> _Available data_
===============

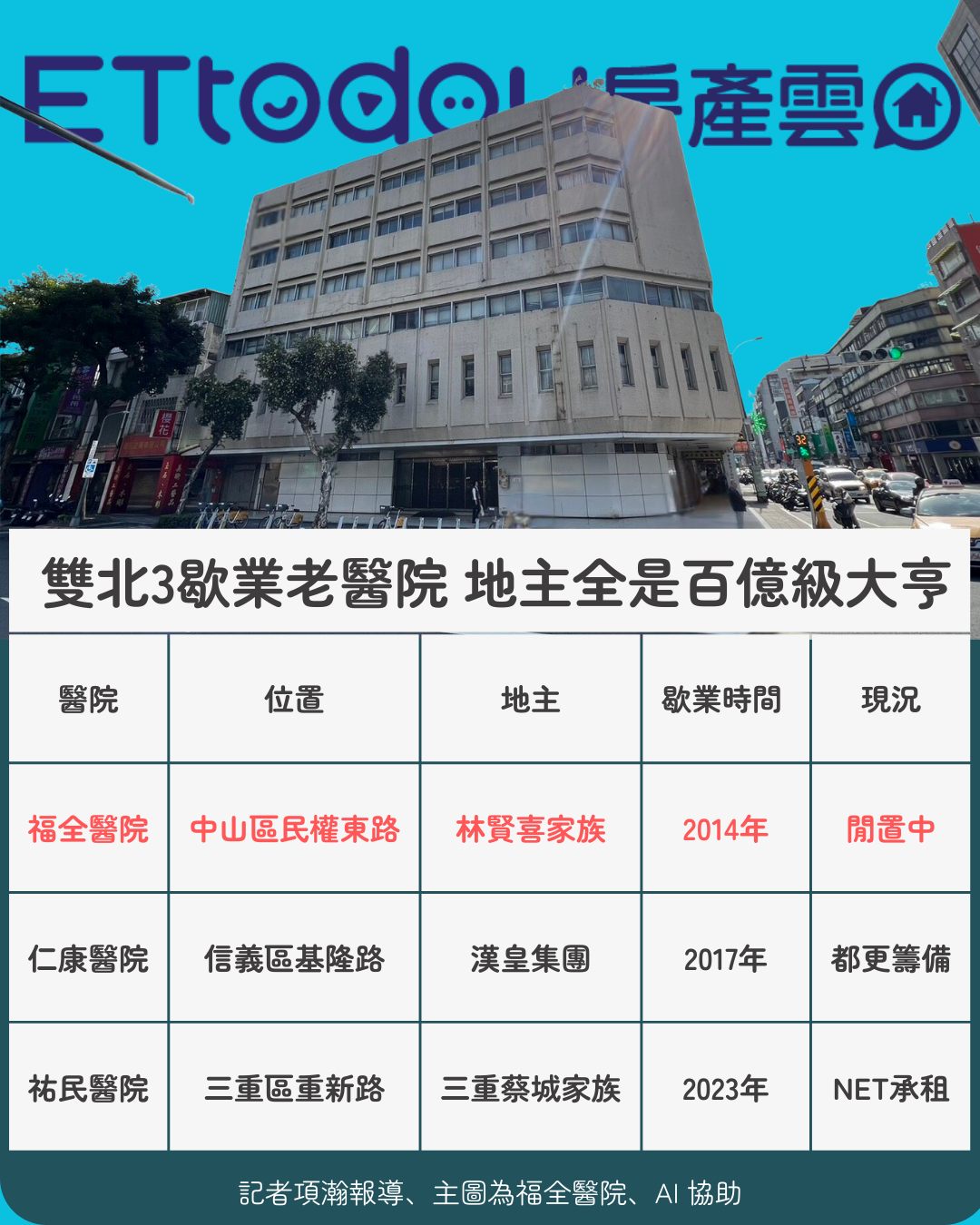 ETtoday房產雲 - 先不管閒置，這些大亨的理財方法真該學學！#房產... | Facebook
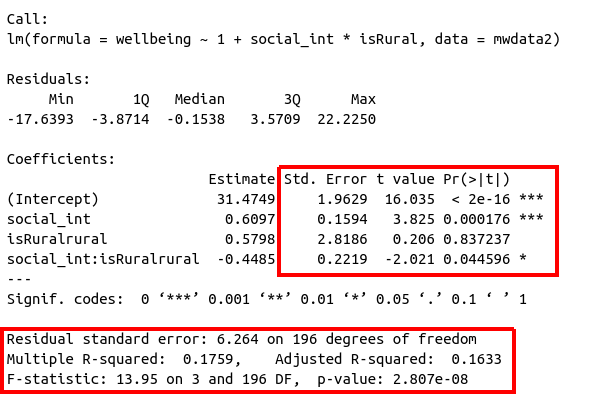 Multiple regression output in R, summary.lm(). Hypothesis tests highlighted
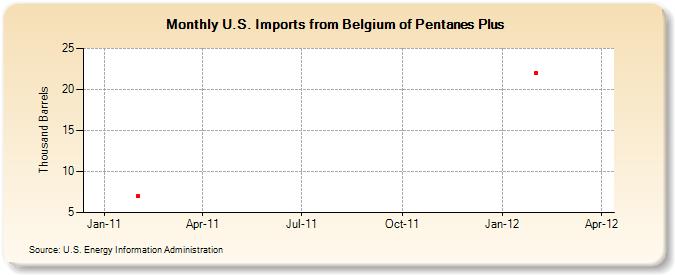 U.S. Imports from Belgium of Pentanes Plus (Thousand Barrels)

===============

> _Work to be completed_
Exact output of each line above is wanted, without the pictures.

> _Written response_
 ETtoday房產雲 - 先不管閒置，這些大亨的理財方法真該學學！#房產... | Facebook
 Multiple regression output in R, summary.lm(). Hypothesis tests highlighted
 U.S. Imports from Belgium of Pentanes Plus (Thousand Barrels)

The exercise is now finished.